Si los exorbitantes cobros que la CFE nos hace a muchos usuarios aumentan más, la Reforma Energética será un fiasco. El beneficio social que el grupo gobernante ofreció a cambio de anular el símbolo nacionalista del petróleo fue la disminución de los precios de la gasolina, la luz y el gas. Si ya recularon en el primer caso y acaban haciéndolo en el segundo, encareciendo la vida de la clase media, perderán la opinión pública.¿Qué sigue? La economía no levanta y para el gobierno no será suficiente aterrizar las reformas.

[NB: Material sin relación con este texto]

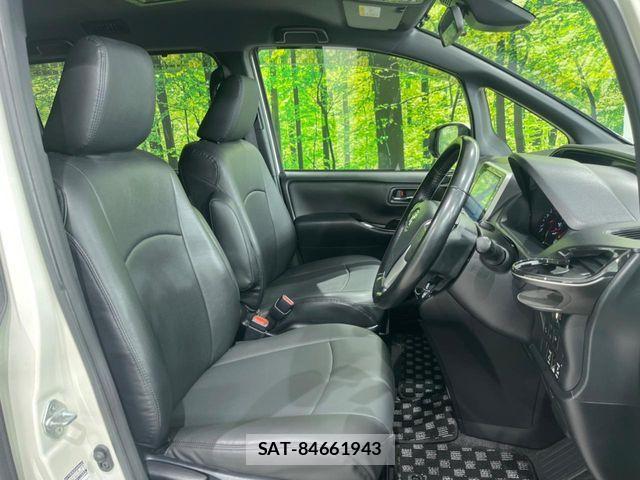 Toyota NOAH 2019-09 7272518-7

Contrario al lema de Porfirio Díaz (que, dicho sea de paso, sospecho que fue tomado por alguno de sus “científicos” del famoso ensayo de 1887 de Woodrow Wilson), creo que la divisa de ahora en adelante será “mucha política y poca administración”. Las encuestas muestran que el índice de aprobación del presidente sigue siendo insólitamente bajo y que las reformas no pintan, así que él y su partido apostarán al clientelismo para ganar la mayoría en la Cámara de Diputados y varias de las nueve gubernaturas en juego en 2015. Sus ventajas son que el PRD dividirá sus votos con Morena y el PAN resentirá la secuela de su derrota presidencial y sus reyertas internas, y que el alto abstencionismo que suele haber en elecciones intermedias hará pesar el voto duro. Y luego vendrá “la grande”. La próxima Legislatura va a procesar algunas iniciativas, quizá alguna que otra reforma, pero será primordialmente un espacio de debate sobre los distintos proyectos de nación y de construcción de candidaturas para la sucesión presidencial de 2018.

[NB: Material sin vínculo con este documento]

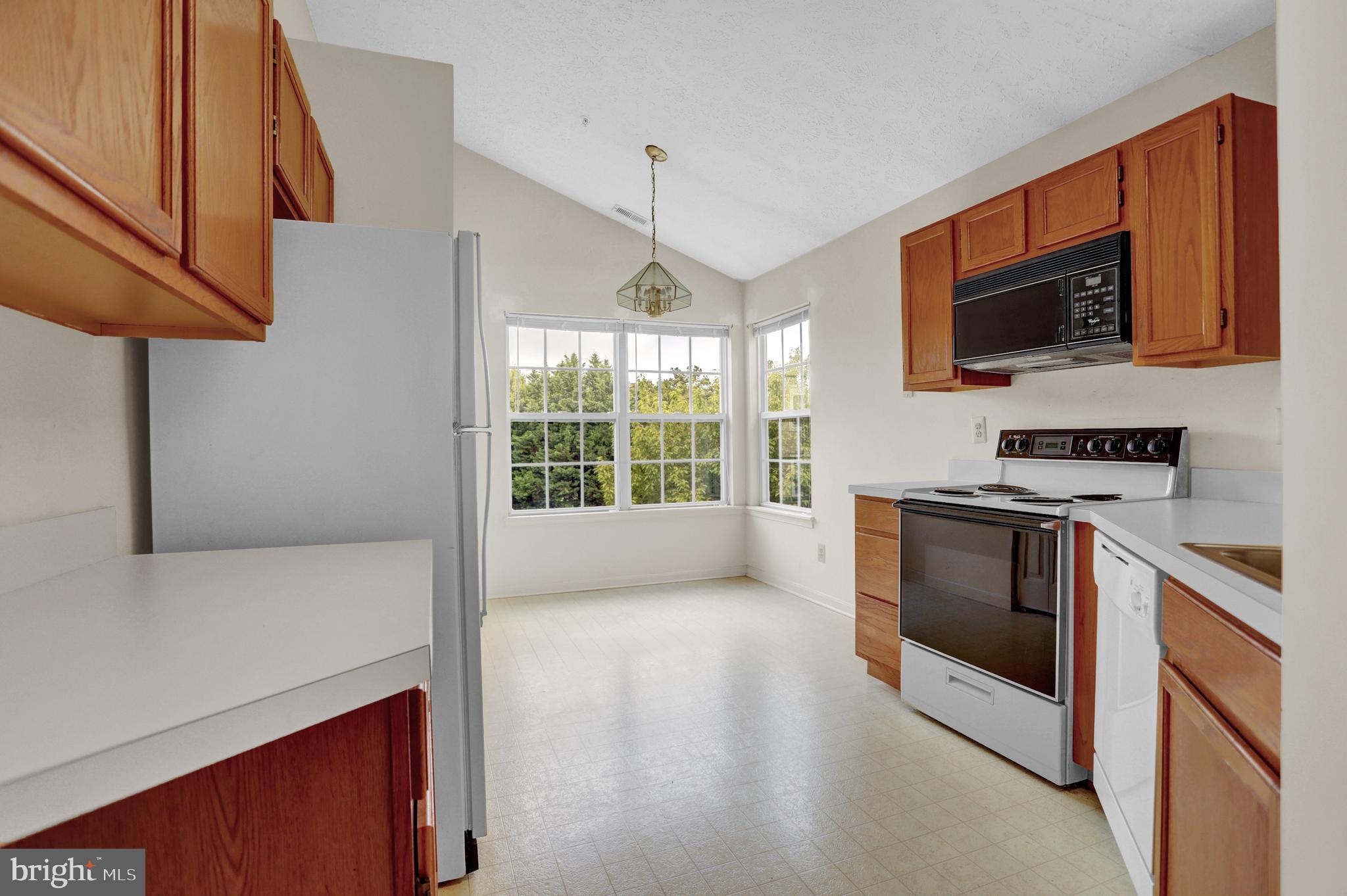 THE BAYLANDS - Residential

Para la oposición la cuesta es empinada pero escalable. Si panistas y perredistas asimilaran que sus militantes más los del PRI suman unos 10 millones de personas mientras que el padrón electoral rebasa los 80 millones de electores, y que la única manera de competir con la maquinaria electoral priísta es conquistando a esa parte mayoritaria del electorado —que no sólo es veleidosa sino crecientemente antipartidista—, dejarían de concentrarse en candidaturas propias y de buscar la piedra filosofal que trueque división en unidad y jugarían la carta ciudadana. El PRD parece entenderlo.
Empieza a dejar atrás el discurso tradicional de nuestra izquierda, que reflejaba que su miedo a perder votantes cautivos era mayor que su deseo de atraer switchers. Postular candidatos externos y abanderar las causas de la democracia participativa hace rechinar el engranaje interno de cualquier partido, sin duda. Pero hoy por hoy da más de lo que quita.